Senate Democrats to battle over strength of Wall Street reform legislation
Democratic senators will battle among themselves this week over whether to strengthen a Wall Street reform bill that has already met stiff resistance from Republicans and industry lobbyists.
Liberal Democrats will make a last-ditch effort to push the bill leftward by strengthening regulation of derivatives and banks that speculate with their own money instead of on behalf of clients.
{mosads}The leftward push will underscore tensions in the party that flared last week between Sen. Byron Dorgan (D-N.D.) and Senate Banking Committee Chairman Chris Dodd (D-Conn.).
Dorgan, who has been a persistent critic of derivatives for more than a decade, is pushing hard for a vote on his amendment to ban so-called “naked” credit default swaps. Those are derivatives that are tied to the potential for an asset to default, but in which traders don’t have an actual stake in the underlying asset.
Dodd grumbled last week that Dorgan was threatening to jumble the carefully orchestrated sequence of votes by pushing his swaps measure.
“I will be very candid with my friend from North Dakota: It complicates my job,” Dodd said. Dorgan has vowed to keep pushing his amendment despite the resistance. And his efforts could result in a vote on the issue this week.
The bigger fight, however, will take place over an amendment offered by Sens. Jeff Merkley (D-Ore.) and Carl Levin (D-Mich.) to place stronger restrictions on proprietary trading.
The amendment would ban proprietary trading at banks and require the Federal Reserve to impose tougher capital requirements on large non-banks that engage in the same type of trading. Senate aides said the amendment would likely come up for a vote, but they did not say when.

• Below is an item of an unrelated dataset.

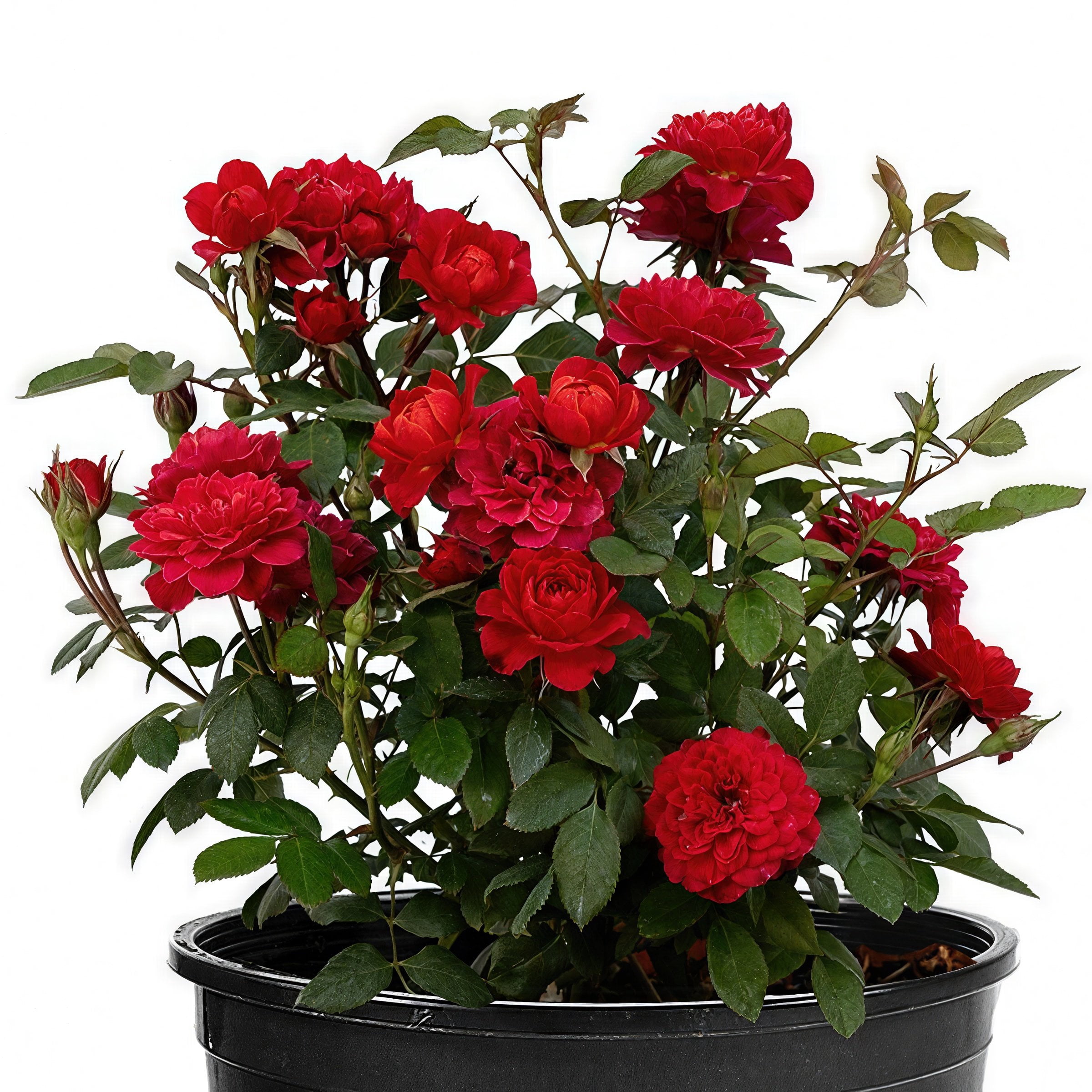 2 gal. Sunblaze Watermelon Rose with Red Flowers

A large coalition of liberal and labor groups have lined up behind the amendment, as have at least 28 Democratic senators, according to Public Citizen.

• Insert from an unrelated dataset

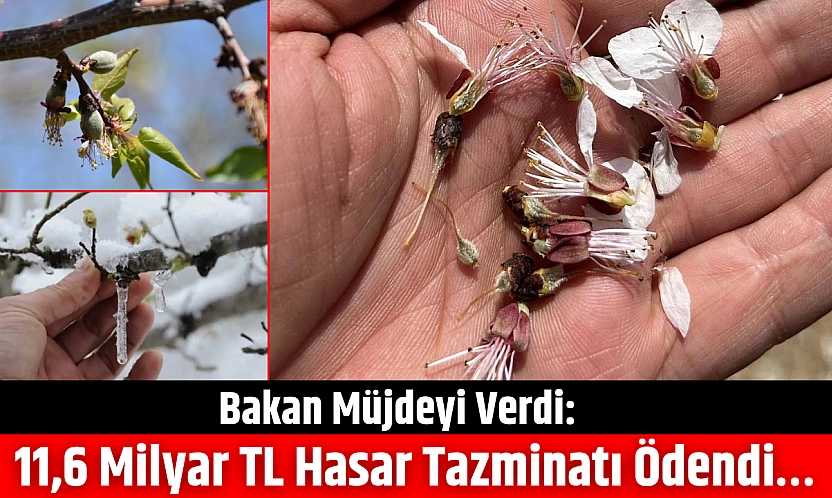 Bakan müjdeyi verdi: 11,6 milyar TL hasar tazminatı ödendi…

Wall Street banks oppose the measure, which could cut into their profits significantly.
“Proprietary trading is a useful management tool. Banning it will — ironically — increase the risk to the system,” said Scott Talbott, senior vice president at the Financial Services Roundtable.

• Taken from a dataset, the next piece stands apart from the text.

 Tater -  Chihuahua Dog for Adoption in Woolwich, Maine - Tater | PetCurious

The Merkley-Levin proposal would target major Wall Street banks, such as Goldman Sachs and Morgan Stanley, which became bank holding companies in 2008 at the height of the financial crisis.
Industry lobbyists and congressional aides have suggested, however, that Goldman Sachs and Morgan Stanley could shed their bank holding companies and in the future escape the outright ban. They would still be subject to potentially higher capital requirements set by the Fed.
The reform is designed to tamp down on highly leveraged firms that did not have enough capital to weather the financial crisis.
“It is a very important amendment,” said Heather McGhee, director of the Washington office of Demos, a liberal-leaning advocacy group. “It is a crucially important amendment to safeguard our economy from reckless gambling that does not benefit the vast majority of businesses.”
The pending bill would leave it up to a council of regulators to restrict proprietary trading.
According to Public Citizen, 28 Democrats have voiced support for the Merkley-Levin amendment, four have said they are leaning in favor and 10 have said they are leaning against.
Lisa Lindsley, director of capital strategies at AFSCME, said the Dorgan proposal is an important complement to the Merkley-Levin amendment.
“The most important thing is to pass the Merkley/Levin amendment to keep banks from having their casino-like practices bring down the whole economy, and we see the issue of naked credit default swaps as part of it,” Lindsley said.